The task: With the pictures omitted, print exactly the lines below, from the one containing "In the previous" through the one containing "For instant verification, give", and nothing else.
....
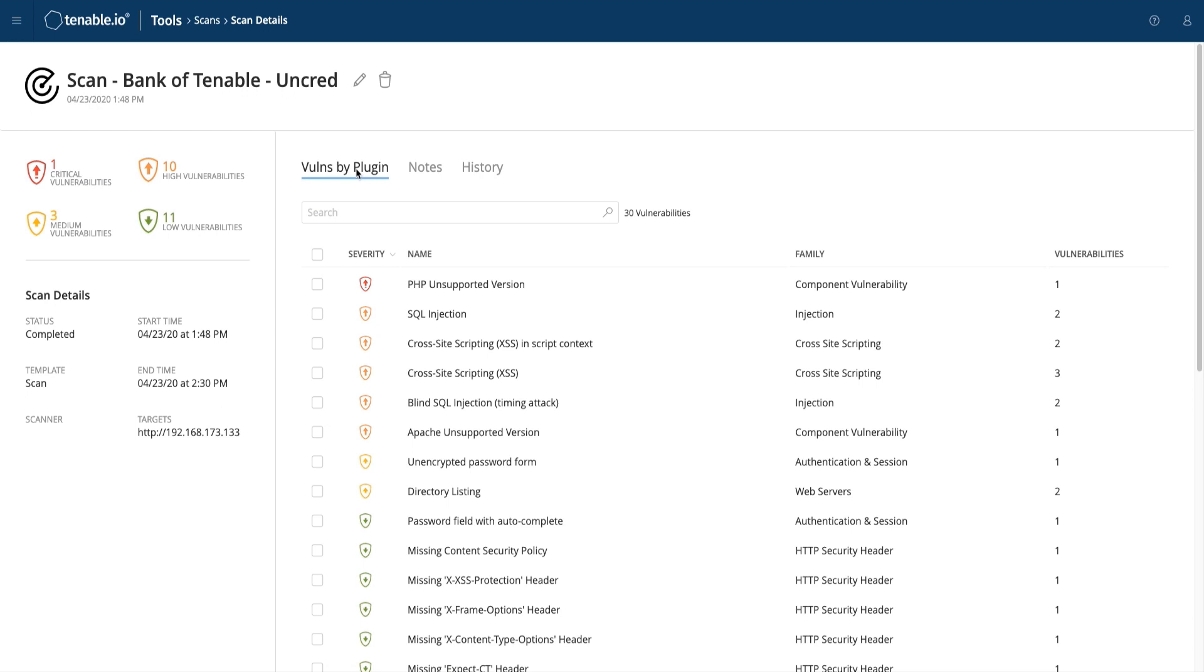Here, we can see a myriad of vulnerabilities along with the associated families for each vuln, such as component-based vulnerabilities, SQL injections, and cross-site scripting.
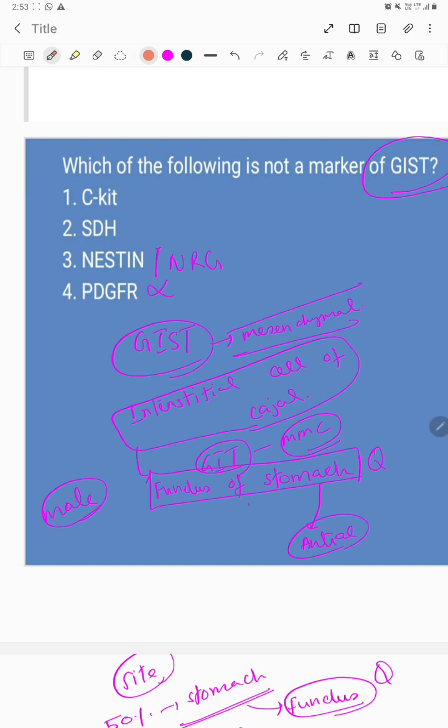So C-kit is seen, SDH is seen, and PDGFR alpha is also seen. Which is not a marker? The question should be which is not a mutation seen in GIST, which will be NESTIN. That will be your answer.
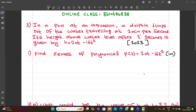Polynomials case study 2023. So in a pool at an aquarium, a dolphin jumps out of the water traveling at 20 cm per second.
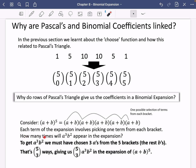So how many times will a cubed b squared appear in this expansion? This is why I've drawn this one example. This is going to be an a cubed b squared because I have an a, an a, a b, a b, and an a. In other words, I have chosen three a's and two b's.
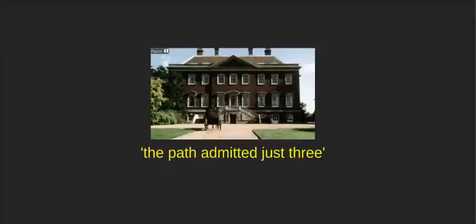In Chapter 10, whilst at Netherfield waiting for Jane to recover, Elizabeth takes a walk in the grounds with Mrs Hurst. At the same time, Caroline Bingley and Mr Darcy are taking a walk too, and the four meet in the gardens. Mrs Hurst immediately abandons Elizabeth, taking the disengaged arm of Mr Darcy. Setting is used as a metaphor when we next read that the path admitted just three.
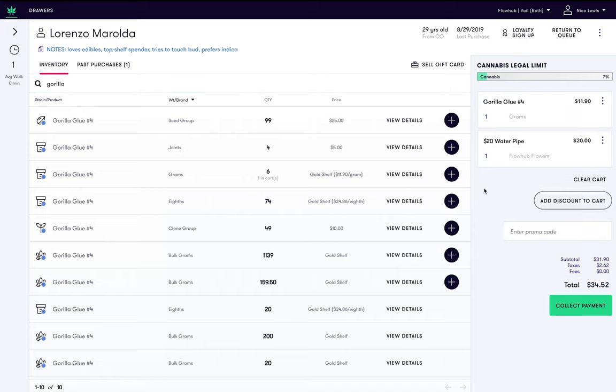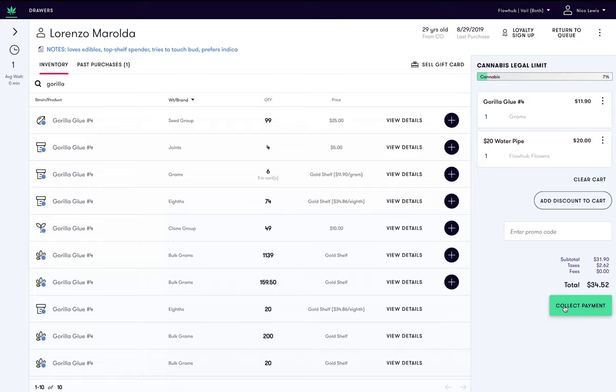Once items are in the cart and you are within the Cannabis Legal purchase limit, click Collect Payment to proceed to the checkout screen.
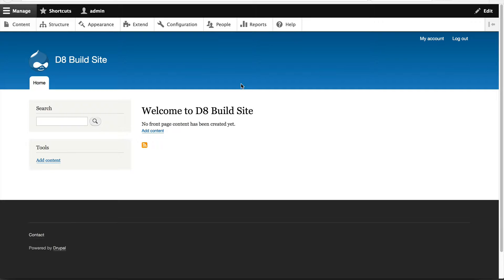In the previous video, I introduced you to content types, fields, widgets, formatters, and so on. But in this video, we'll create our first content type and we'll call it blog.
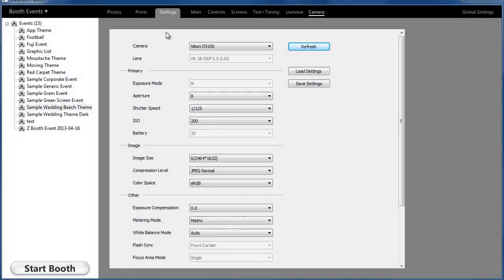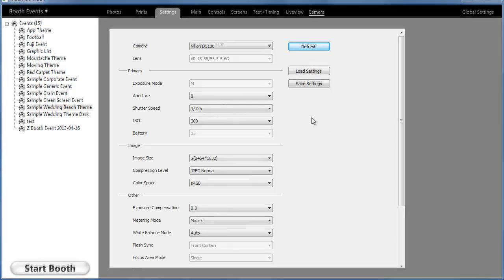This video will show you how to get your camera up and running quickly in Darkroom Booth. When you start Darkroom Booth, go to Settings and then Camera, and make sure your camera is turned on before you start.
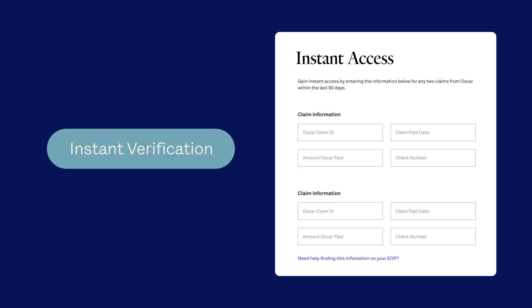For instant verification, give us information on at least two of your processed claims with us from the last 90 days. You'll need the claim ID, claim paid date, amount we paid, and check number to complete this step.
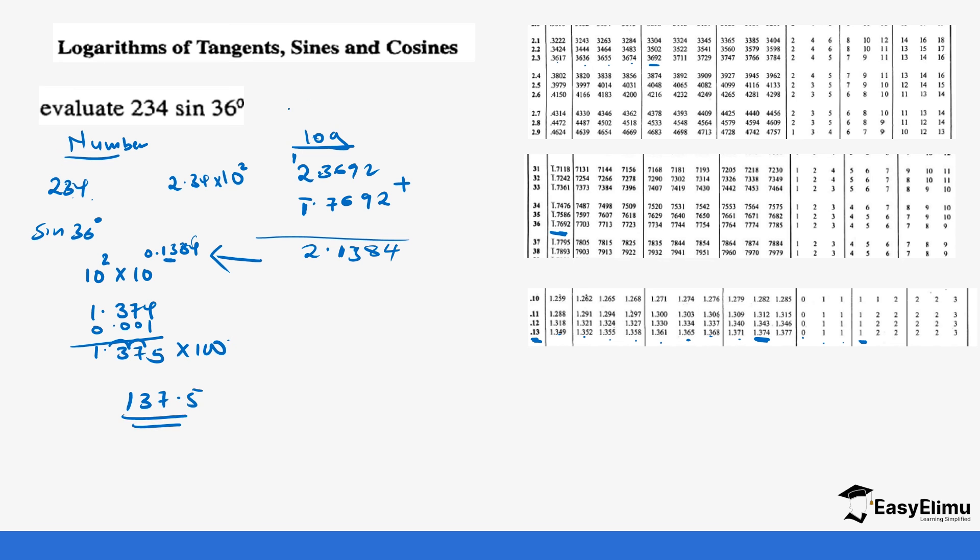So we have solved this question using logarithm. But remember we said not necessarily, there are different ways you can solve, still using logarithm and you get the same value. Let's do one more question together. So we have this question. This is a bit contrary to what we have done and it has more. So evaluate 69.6 cos 42 over sin 64.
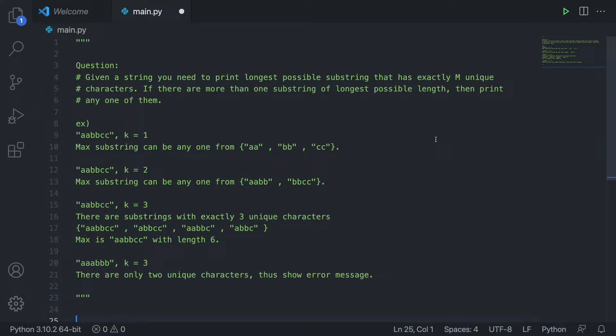What's up, everybody? Today we are going to be going over the longest substring with k distinct characters. This is a Google interview question.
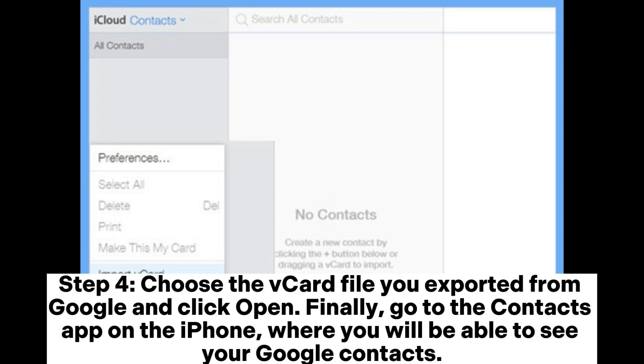Step 4: Choose the vCard file you exported from Google and click Open. Finally, go to the Contacts app on the iPhone where you will be able to see your Google Contacts.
....
Exercise answer:
In the previous video, I introduced you to content types, fields, widgets, formatters, and so on. But in this video, we'll create our first content type and we'll call it blog.
This video will show you how to get your camera up and running quickly in Darkroom Booth. When you start Darkroom Booth, go to Settings and then Camera, and make sure your camera is turned on before you start.
For instant verification, give us information on at least two of your processed claims with us from the last 90 days. You'll need the claim ID, claim paid date, amount we paid, and check number to complete this step.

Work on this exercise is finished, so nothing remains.